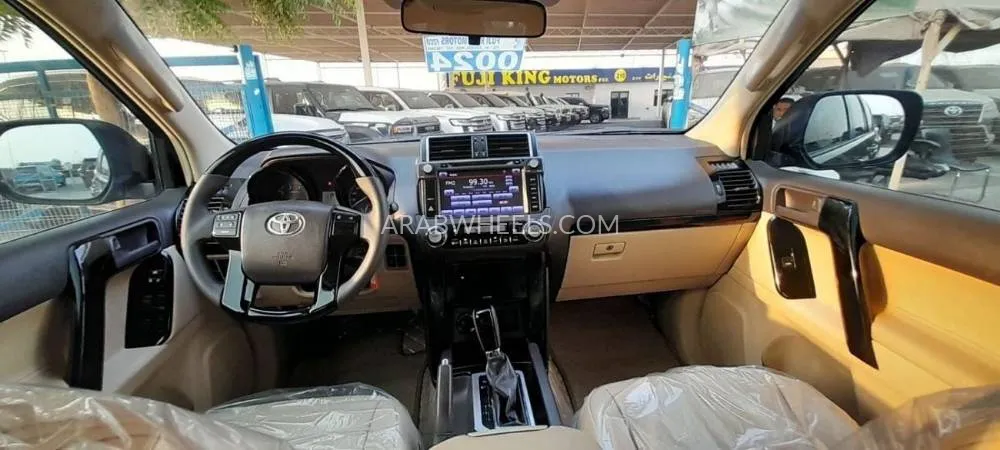 Toyota Land Cruiser Prado 2015 for Sale in Dubai Image-6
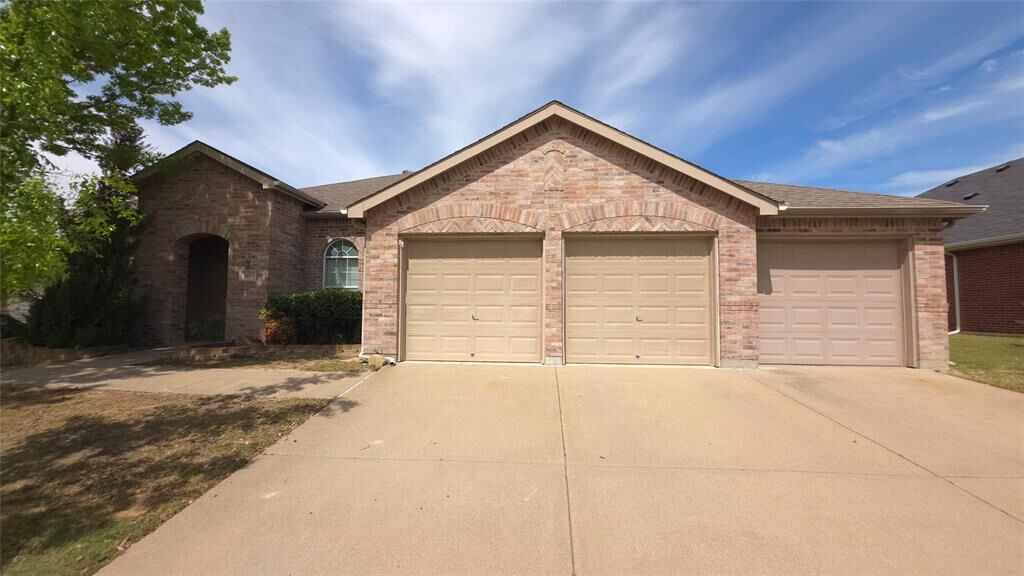 Property Photo:  5901 Secco Court  TX 76179 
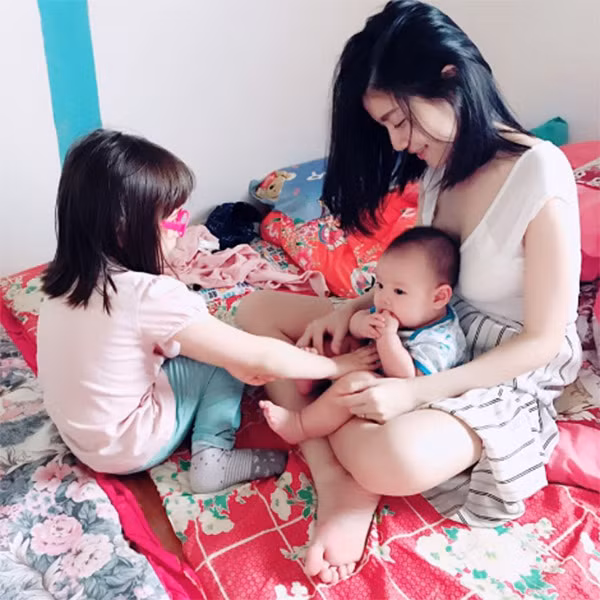 Sau khi những bức ảnh vừa cho con bú vừa selfie được lan truyền, Yu En đã trở thành cái tên khá nổi tiếng trên mạng xã hội Instagram khi tài khoản cá nhân của cô thu hút tới 23 nghìn người theo dõi.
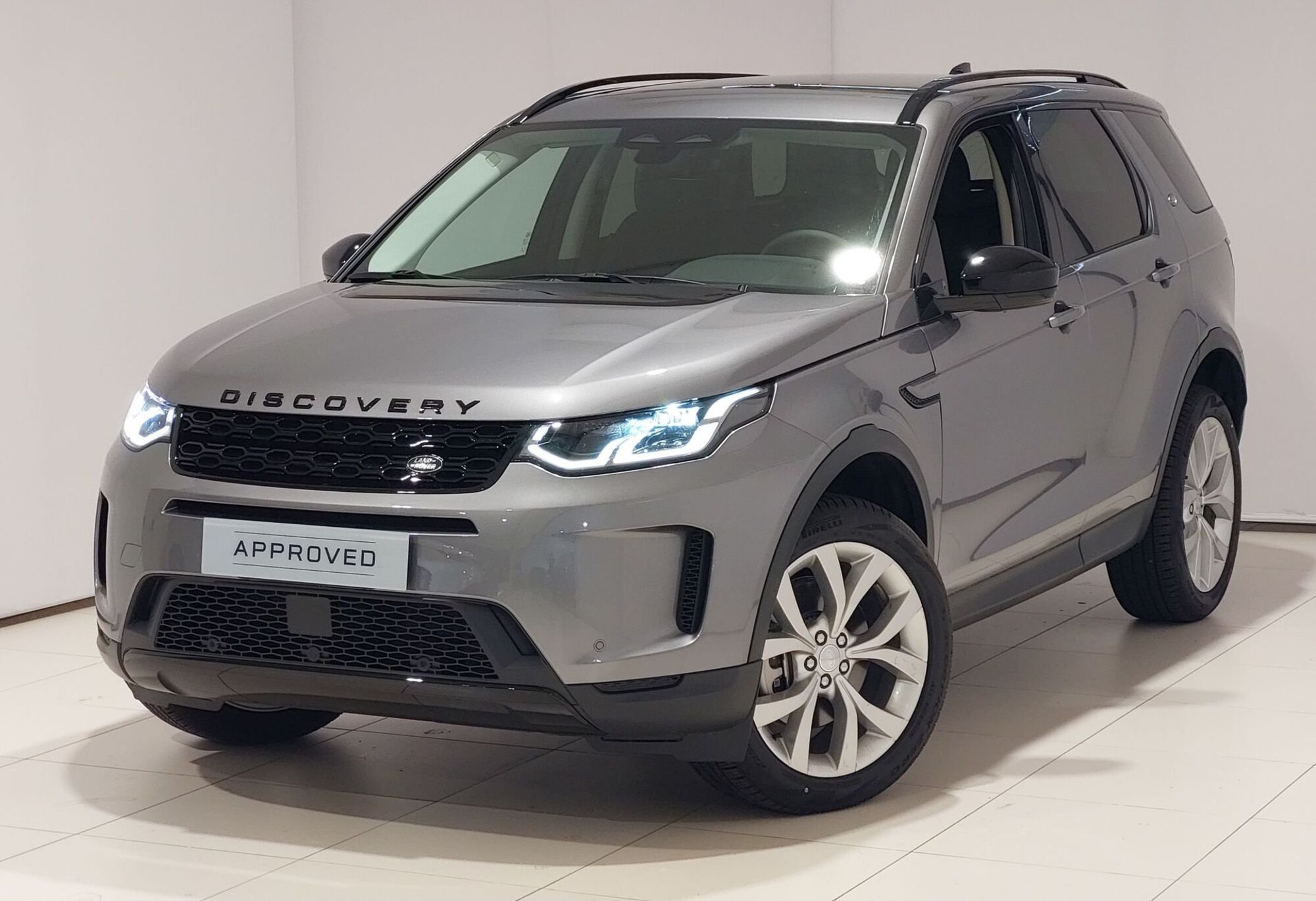 Land Rover Discovery Sport 2.0 TD4 163 CV AWD Auto R-Dynamic SE  del 2023 usata a Agliana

- **TASK TO COMPLETE**
Output all lines above precisely. Pictures are to be left out.

- **SOLUTION TO THIS PROBLEM**
 Toyota Land Cruiser Prado 2015 for Sale in Dubai Image-6
 Property Photo:  5901 Secco Court  TX 76179 
 Sau khi những bức ảnh vừa cho con bú vừa selfie được lan truyền, Yu En đã trở thành cái tên khá nổi tiếng trên mạng xã hội Instagram khi tài khoản cá nhân của cô thu hút tới 23 nghìn người theo dõi.
 Land Rover Discovery Sport 2.0 TD4 163 CV AWD Auto R-Dynamic SE  del 2023 usata a Agliana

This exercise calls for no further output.